[Records from a dataset]
========

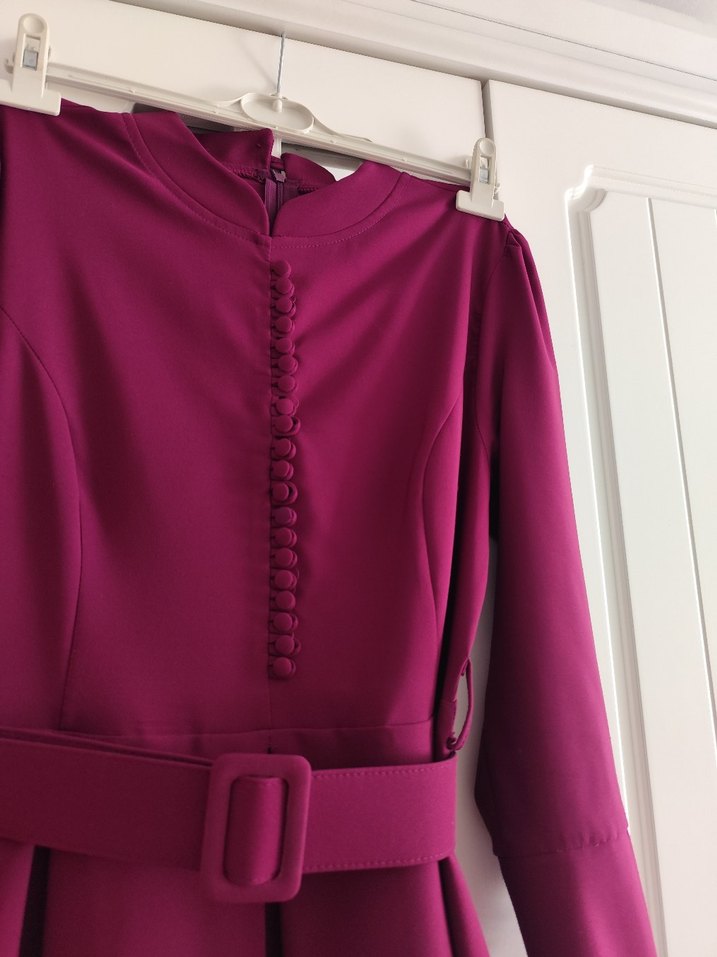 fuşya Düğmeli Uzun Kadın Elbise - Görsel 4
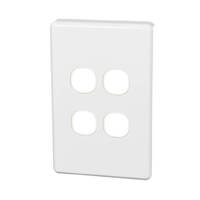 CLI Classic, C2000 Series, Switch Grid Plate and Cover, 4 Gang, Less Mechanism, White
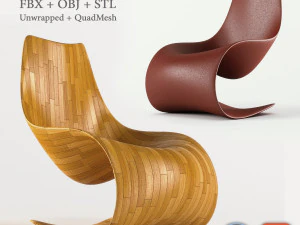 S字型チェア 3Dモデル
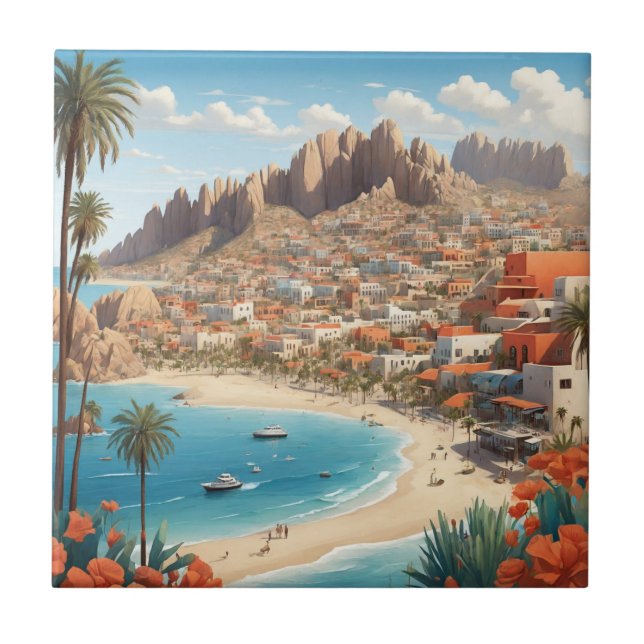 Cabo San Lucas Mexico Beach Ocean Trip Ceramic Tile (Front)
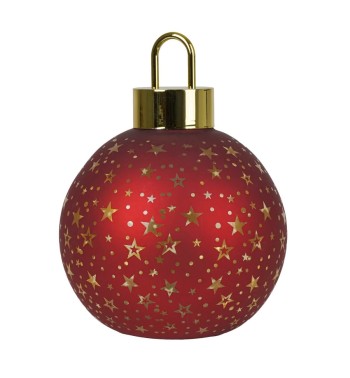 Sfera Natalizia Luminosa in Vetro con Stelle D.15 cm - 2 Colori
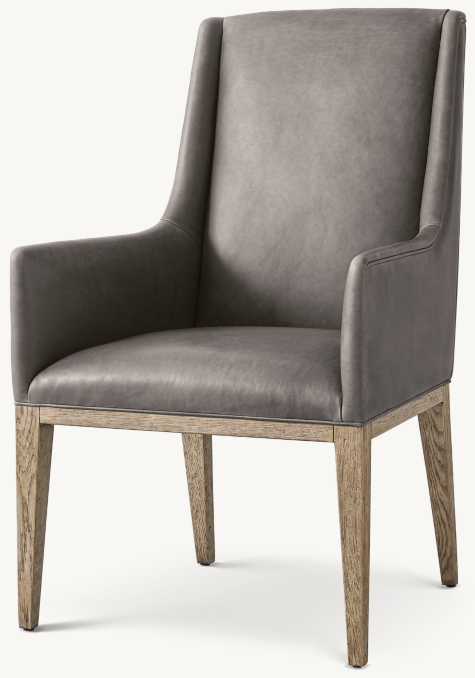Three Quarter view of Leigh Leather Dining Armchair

========

▸ WHAT IS BEING ASKED
Copy the data word for word and omit every picture.

▸ SOLUTION FOR THIS PROBLEM
 fuşya Düğmeli Uzun Kadın Elbise - Görsel 4
 CLI Classic, C2000 Series, Switch Grid Plate and Cover, 4 Gang, Less Mechanism, White
 S字型チェア 3Dモデル
 Cabo San Lucas Mexico Beach Ocean Trip Ceramic Tile (Front)
 Sfera Natalizia Luminosa in Vetro con Stelle D.15 cm - 2 Colori
Three Quarter view of Leigh Leather Dining Armchair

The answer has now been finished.